Sharing without caring

September 14, 2016 12:56 am | Updated November 17, 2021 02:24 am IST

Emotions often trump reason. The Cauvery water dispute is turning out to be less about water and irrigation and more about linguistic chauvinism and regional identity. Nothing else can explain the > mindless violence in Karnataka and Tamil Nadu over the Supreme Court order asking the former to release water to the latter, keeping in view the distress situation in both States in a season of deficit rainfall. Many of the acts of violence have been perpetuated in the two States by chauvinistic, fringe organisations that have little to do with the farming community or its interests. It is clear that there is insufficient water in Karnataka’s reservoirs to meet the full irrigation needs of both States. The point of the Supreme Court order was to make the States share their distress and not to magically fulfil the needs of farmers on both sides. But political parties and some media houses, especially regional language television channels, have sought to portray the issue as one that pits the people of one State against that of the other. Indeed, the two major national parties, the Congress and the Bharatiya Janata Party, have taken different stands in the two States on this issue. No party or State government appears to believe it can afford to be seen as taking even so much as a conciliatory step toward defusing the crisis. On some previous occasions when Karnataka released water in a distress year the State government did so quietly so as to not give chauvinistic elements any opportunity to inflame passions.

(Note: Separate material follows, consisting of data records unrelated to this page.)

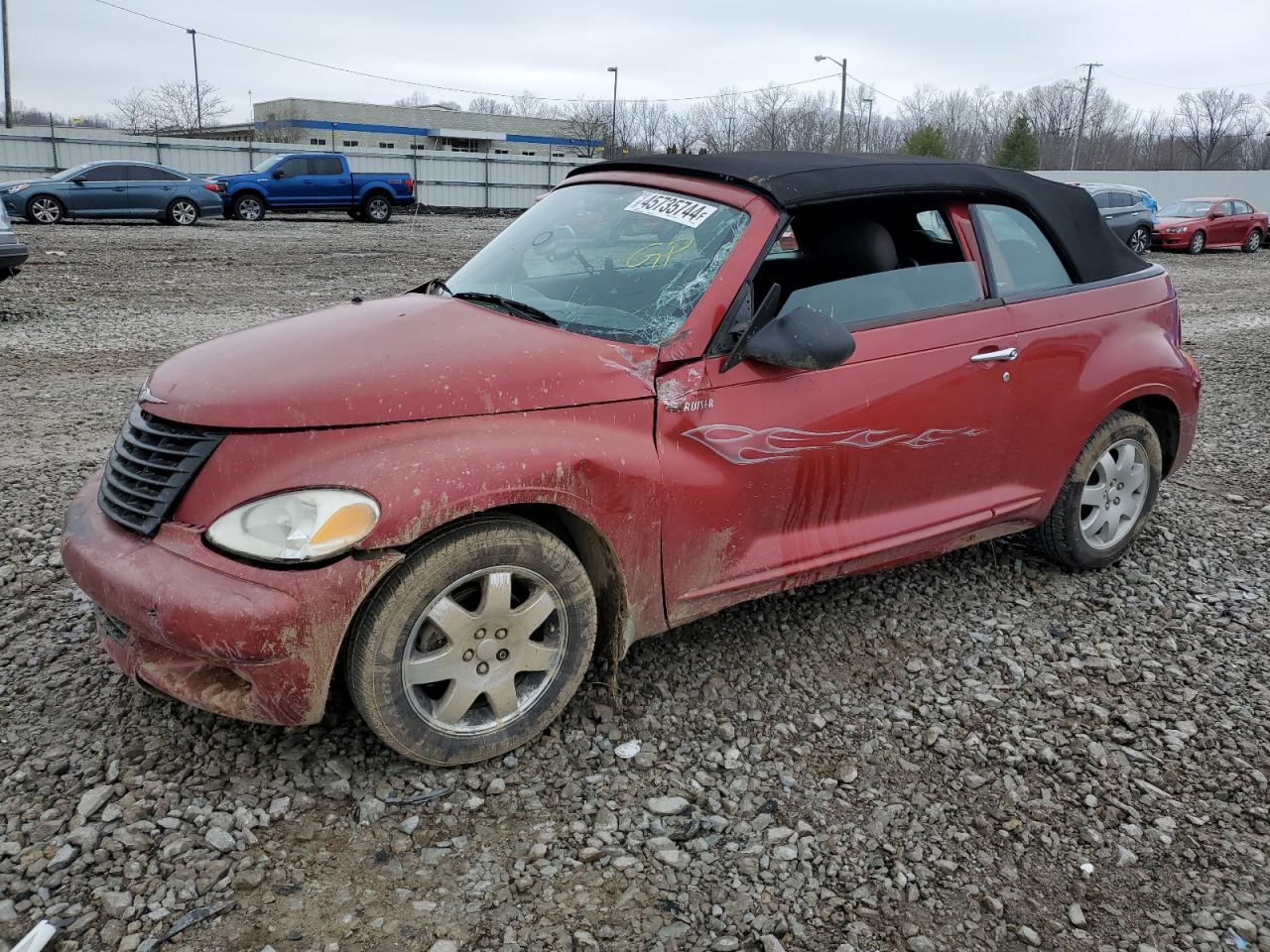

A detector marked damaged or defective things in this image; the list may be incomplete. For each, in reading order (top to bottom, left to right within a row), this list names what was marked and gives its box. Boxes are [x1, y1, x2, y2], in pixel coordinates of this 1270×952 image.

cracked windshield [441, 181, 750, 341]
damaged red convertible [64, 157, 1199, 766]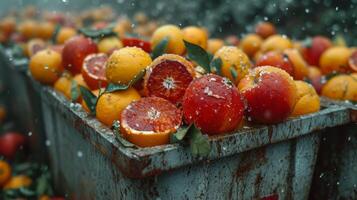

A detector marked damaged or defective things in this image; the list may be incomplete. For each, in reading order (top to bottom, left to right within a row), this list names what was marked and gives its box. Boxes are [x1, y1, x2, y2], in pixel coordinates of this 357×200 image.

rusty metal edge [4, 50, 352, 179]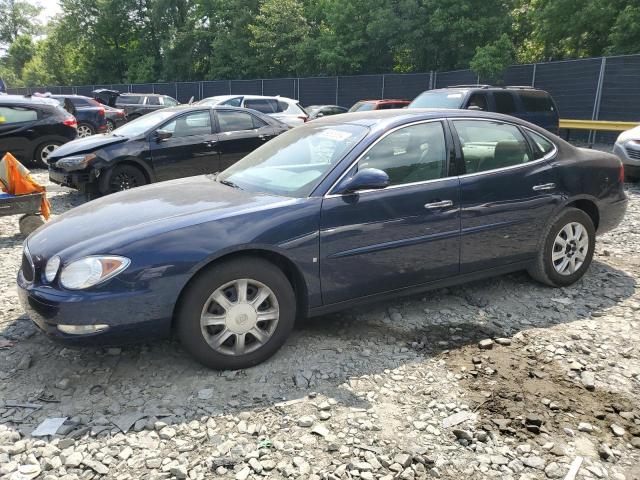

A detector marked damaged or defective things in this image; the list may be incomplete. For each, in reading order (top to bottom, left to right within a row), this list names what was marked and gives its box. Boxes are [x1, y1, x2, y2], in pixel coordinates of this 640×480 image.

damaged vehicle [47, 104, 290, 195]
damaged vehicle [17, 110, 628, 370]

Cauvery is an inter-State dispute, but this is no reason to turn the issue into a raging controversy that draws the peoples of the two States into confrontation. That Tamil-speaking people settled in Karnataka for generations are made to feel insecure, and business establishments run by entrepreneurs tracing their familial ties to Karnataka are targeted in Tamil Nadu are indications of how the water dispute goes beyond the interests of the people and becomes mixed up with the emotive issue of linguistic identity. Ideally, as stipulated by the Cauvery Water Disputes Tribunal, the technicalities of water-sharing should be left to the Cauvery Management Board, which is to monitor the water flows with the help of the Cauvery Regulation Committee and the respective State authorities. If Cauvery is not to be made a plaything in the hands of chauvinists, the governments of the two States as well as at the Centre need to send out a strong signal to the marauding mobsters that violence, in whatever name, will be put down strongly by the security forces. As laid down by the CWDT, the issue of water-sharing should be left in the hands of technical experts, and not politicians who are hostage to the emotions of a parochial fringe.